En el kilómetro 3 comenzaron los problemas para mi. Teníamos ante nosotros una subida dura y larga, con pequeños falsos llanos. Según comence a subir ya ví que penaría, y así fue. Mis piernas fueron aumentando de temperatura, y en la última cuesta antes del primer avituallamiento ( y fin de la maldita subida) tuve que parar y andar durante 300 metros. Muchos corredores que había superado me pasaron en este tramo.
Mis gemelos estaban a punto de estallar, no podía correr, y esto me ocurría por mi llano entrenamiento de las semanas previas. Pero es que estas cuestas mortales no las tenemos por Cáceres. Me esforcé mentalmente, ya que el físico no daba para más, para no bajar los brazos.

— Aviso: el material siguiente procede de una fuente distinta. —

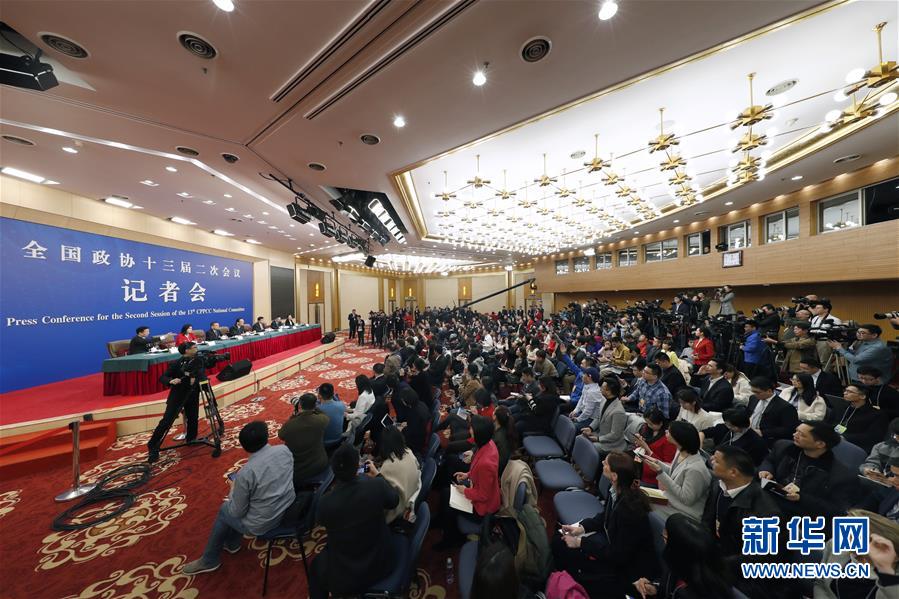 （兩會）（4）政協(xié)委員談優(yōu)化營商環(huán)境、促進民營經(jīng)濟高質(zhì)量發(fā)展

Llegó al fin el primer avituallamiento, y comenzó la parte favorable que anunciaban en la salida. Una bajada muy rápida y algo técnica me devolvió la vida, y volví a remontar posiciones. Cuando terminó la bajada continué con la inercia, y los siguientes 8 kilómetros fueron muy cómodos. Un terreno de toboganes, donde yo (y todos) aprovechábamos el ritmo adquirido en la bajada para las cortas subidas.

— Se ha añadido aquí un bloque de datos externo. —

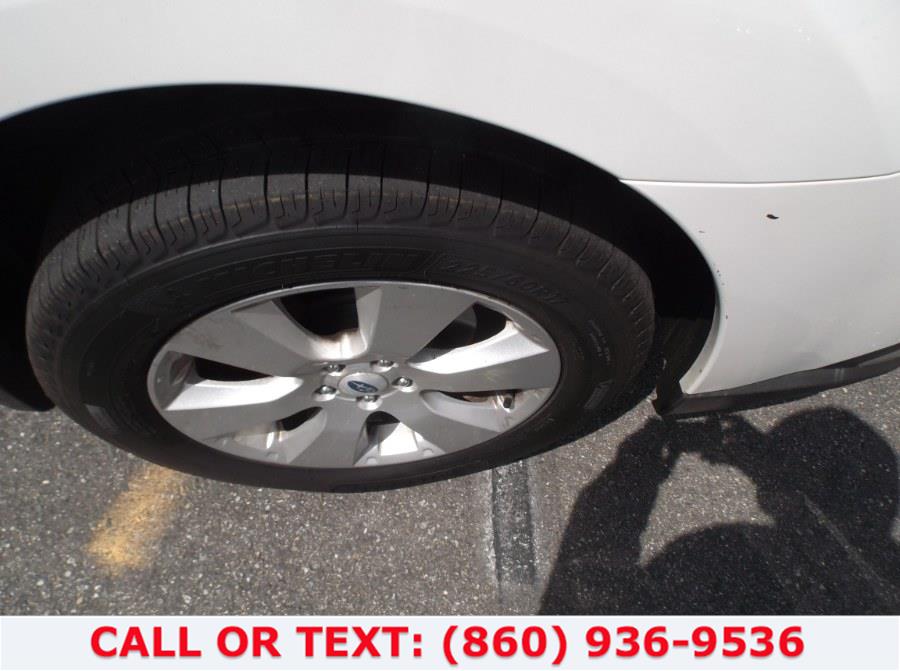 Used Subaru Outback 4dr Wgn H4 Auto 2.5i Limited 2012 | Lee Motors Sales Inc. Hartford, Connecticut Used Subaru Outback 4dr Wgn H4 Auto 2.5i Limited 2012 | Lee Motors Sales Inc. Hartford, Connecticut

Llegó hasta mi posición un compañero que llevaba un buen ritmo, y seguirle a él me ayudó mucho en los tramos más llanos, aunque me tomó algo de ventaja. Fue una referencia valiosísima, y subsané uno de los errores que he tenido en anteriores carreras: quedarme sólo en tierra de nadie.
Desde el kilómetro 8 mi "querida" zapatilla Adidas Kanadia se desabrochó en el pie izquierdo. Pero ni se me pasó por la cabeza pararme a atarla. Llevaba un ritmo excelente y no me iba a parar.
Así llegué al kilómetro 12, y yo estaba muy satisfecho. Quedaban 1,5 kilómetros, iba a un ritmo muy bueno y podía mantenerlo. Me frotaba mentalmente las manos pensando que iba a ser capaz de bajar de una hora, cuando mi objetivo inicial era bajar de 1:10. Pero algo me escamaba ¿Y la subida al castillo?
Y me seguí escamando cuando dejamos de lado la vereda por la que ascendimos la colina hasta el castillo en el Maratón de los Artesanos, y encaramos un tramo favorable de asfalto, dejando el castillo a la izquierda. Me parecia que habíamos pasado el kilómetro 12 hacía un siglo, y la subida no comenzaba.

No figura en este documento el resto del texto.